3. What you don’t like about yourself
I hate how my brain lies to me.
4. How you can change what you don’t like about yourself
Sanity-check. Check and check and check again, before making a decision, even simple ones. Talk to a doctor, because this has officially spun farther out of control than I can handle.
5. Your greatest qualities
Emotional control. If people had the least idea of how controlled I am, they would freak. Stubbornness. The ability to see beauty in the smallest things.
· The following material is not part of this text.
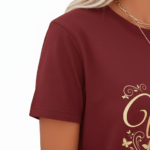 Women wearing Vale branded cotton graphic t-shirt with butterfly and floral swirl design, available in Maroon, Grey, and Cream colors.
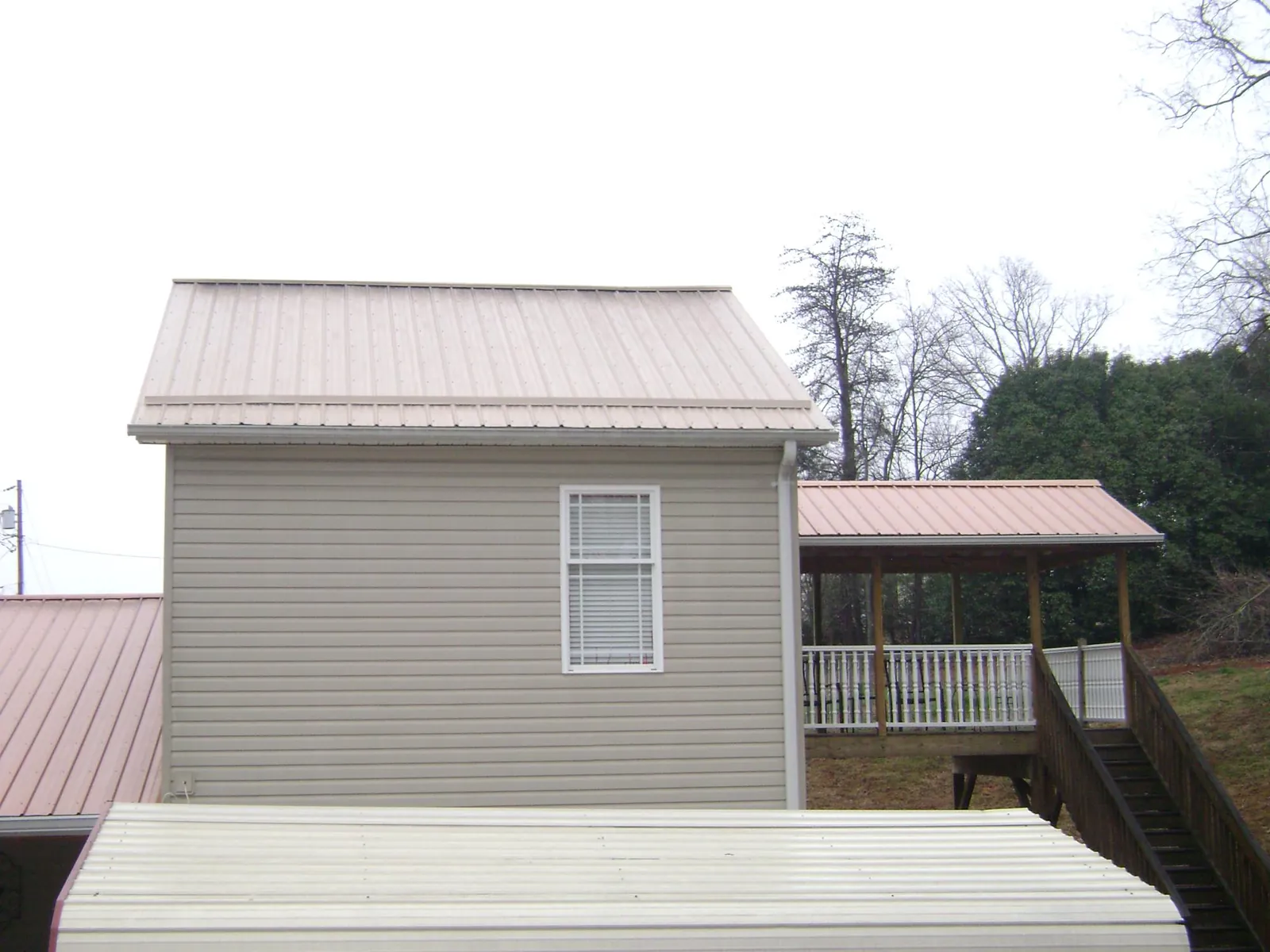 Tan metal roofs on a two story addition and attached porch, from a Roof Replacement job in Highspire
*sigh* I had a hard night last night, and it's really hard for me to see the positive today. I know it's there... I just can't find it.
6. Your life goals
I want to want to live. I want to be functional. I want to take care of people. I want people to not have to take care of me. I want to be an inspiration, not an obligation. I want to not feel like I'm selling out. I want to drive across north america with my van as an RV. I want to overhaul my van, so it's in factory condition, as much with my own two hands as possible. I want a home. I want to spend a month in algonquin, far away from anyone. I want to use the internet not have it use me. I want to belong, and feel it and know it when it happens.
7. How yesterday’s problems are today’s motivation
I'm very excited about getting my textbook for class. I'm going to try to buy a fullsized mirror (*shudder*) so I can practice, because I'm going to need to practice. I am too divorced from my body to consistantly create the body language that ASL needs.
8. What you want to do today
Not die. Not piss anyone off. Maybe clean the bathroom. Finish the soup. Get ready for work tomorrow.
9. How you can make someone else’s day a little brighter
I haven't a clue, really. Maybe leave chirpy little notes on people's diaries.